- **REQUIRED ACTION**:
Please write out exactly the lines of the data below from the line holding "Welcome back to" through the line holding "And I guess now", and leave out the rest.

- **INFORMATION**:
—————

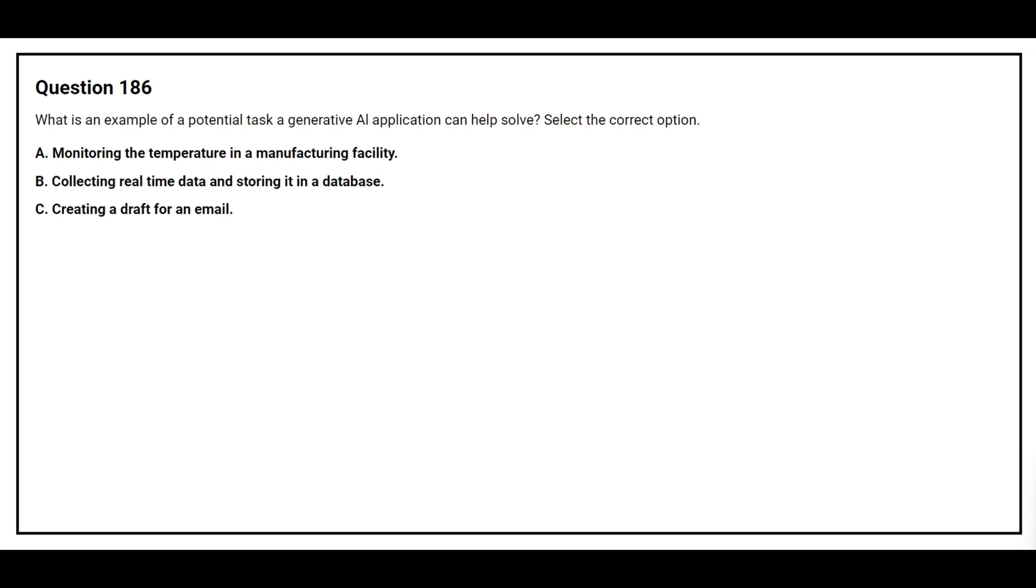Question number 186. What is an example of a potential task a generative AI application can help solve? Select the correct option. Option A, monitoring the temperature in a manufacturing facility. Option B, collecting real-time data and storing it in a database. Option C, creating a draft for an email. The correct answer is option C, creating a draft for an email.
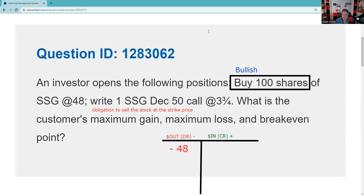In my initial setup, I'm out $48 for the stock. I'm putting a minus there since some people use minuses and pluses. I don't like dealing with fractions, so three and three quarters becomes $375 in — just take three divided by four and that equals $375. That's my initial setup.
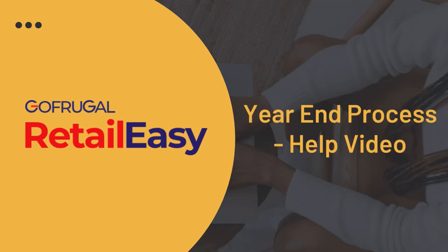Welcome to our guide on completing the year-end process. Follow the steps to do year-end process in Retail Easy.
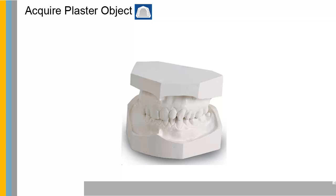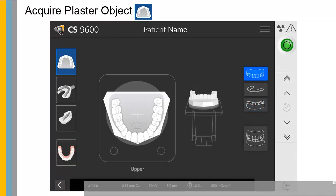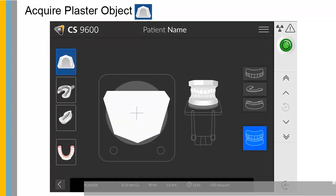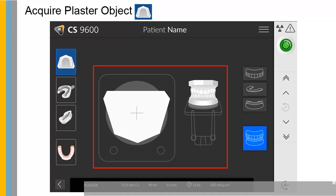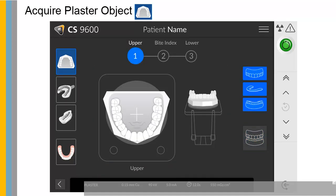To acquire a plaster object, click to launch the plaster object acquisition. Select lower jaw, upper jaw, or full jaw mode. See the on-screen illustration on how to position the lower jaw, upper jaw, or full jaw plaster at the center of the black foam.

—————

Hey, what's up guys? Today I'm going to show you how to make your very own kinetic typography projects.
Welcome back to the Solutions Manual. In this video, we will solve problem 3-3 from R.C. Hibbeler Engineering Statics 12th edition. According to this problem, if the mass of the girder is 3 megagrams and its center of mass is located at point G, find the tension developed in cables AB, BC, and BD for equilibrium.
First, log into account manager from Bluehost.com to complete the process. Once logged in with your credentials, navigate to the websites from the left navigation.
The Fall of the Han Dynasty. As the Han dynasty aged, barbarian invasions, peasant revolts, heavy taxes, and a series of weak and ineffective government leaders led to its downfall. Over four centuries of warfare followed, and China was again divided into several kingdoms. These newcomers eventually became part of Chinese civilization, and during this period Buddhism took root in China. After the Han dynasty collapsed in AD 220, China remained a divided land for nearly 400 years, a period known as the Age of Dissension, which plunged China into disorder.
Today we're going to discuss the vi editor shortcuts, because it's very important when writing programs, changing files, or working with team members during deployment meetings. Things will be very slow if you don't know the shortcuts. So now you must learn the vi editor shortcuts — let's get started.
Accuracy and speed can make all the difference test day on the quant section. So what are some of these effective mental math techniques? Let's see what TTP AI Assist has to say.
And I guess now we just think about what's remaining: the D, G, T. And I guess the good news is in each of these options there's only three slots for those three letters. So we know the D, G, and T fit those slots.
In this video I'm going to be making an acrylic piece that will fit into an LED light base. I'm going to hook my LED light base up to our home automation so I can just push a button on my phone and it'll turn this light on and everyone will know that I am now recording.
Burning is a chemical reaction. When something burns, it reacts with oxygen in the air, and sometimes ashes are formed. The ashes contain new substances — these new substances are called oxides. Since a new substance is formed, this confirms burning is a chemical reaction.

—————

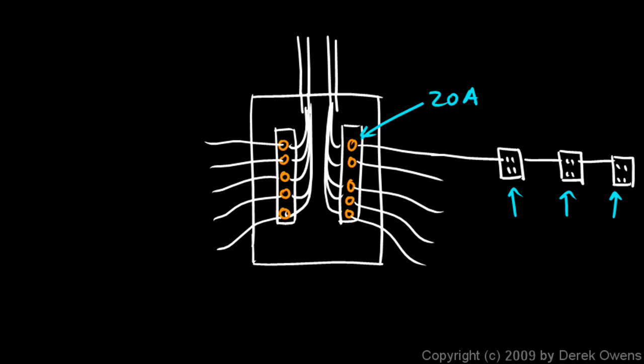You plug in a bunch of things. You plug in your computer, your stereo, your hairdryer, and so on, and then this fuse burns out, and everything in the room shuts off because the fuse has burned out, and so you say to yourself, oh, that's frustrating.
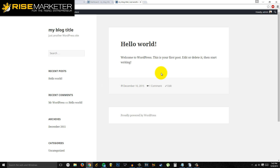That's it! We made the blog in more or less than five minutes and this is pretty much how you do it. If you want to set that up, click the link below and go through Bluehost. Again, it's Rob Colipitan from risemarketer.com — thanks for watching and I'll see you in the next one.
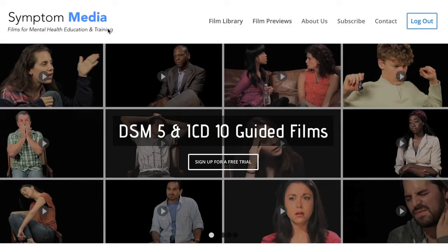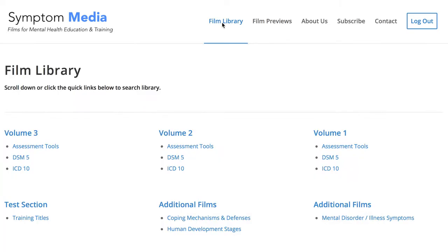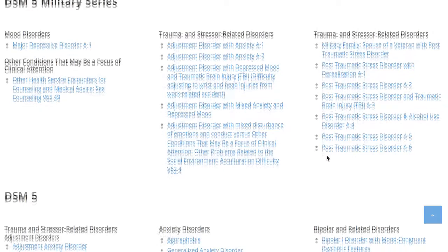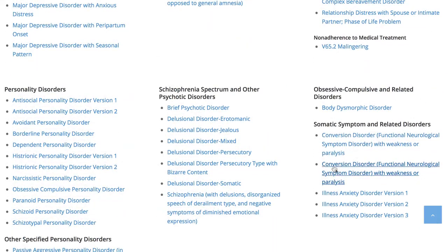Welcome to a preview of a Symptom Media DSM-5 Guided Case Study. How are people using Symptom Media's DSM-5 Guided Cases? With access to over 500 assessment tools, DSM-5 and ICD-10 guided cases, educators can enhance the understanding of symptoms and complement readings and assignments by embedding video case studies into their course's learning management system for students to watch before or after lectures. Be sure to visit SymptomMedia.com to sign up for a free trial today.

—————

- **WORKED SOLUTION**:
Welcome back to the Solutions Manual. In this video, we will solve problem 3-3 from R.C. Hibbeler Engineering Statics 12th edition. According to this problem, if the mass of the girder is 3 megagrams and its center of mass is located at point G, find the tension developed in cables AB, BC, and BD for equilibrium.
First, log into account manager from Bluehost.com to complete the process. Once logged in with your credentials, navigate to the websites from the left navigation.
The Fall of the Han Dynasty. As the Han dynasty aged, barbarian invasions, peasant revolts, heavy taxes, and a series of weak and ineffective government leaders led to its downfall. Over four centuries of warfare followed, and China was again divided into several kingdoms. These newcomers eventually became part of Chinese civilization, and during this period Buddhism took root in China. After the Han dynasty collapsed in AD 220, China remained a divided land for nearly 400 years, a period known as the Age of Dissension, which plunged China into disorder.
Today we're going to discuss the vi editor shortcuts, because it's very important when writing programs, changing files, or working with team members during deployment meetings. Things will be very slow if you don't know the shortcuts. So now you must learn the vi editor shortcuts — let's get started.
Accuracy and speed can make all the difference test day on the quant section. So what are some of these effective mental math techniques? Let's see what TTP AI Assist has to say.
And I guess now we just think about what's remaining: the D, G, T. And I guess the good news is in each of these options there's only three slots for those three letters. So we know the D, G, and T fit those slots.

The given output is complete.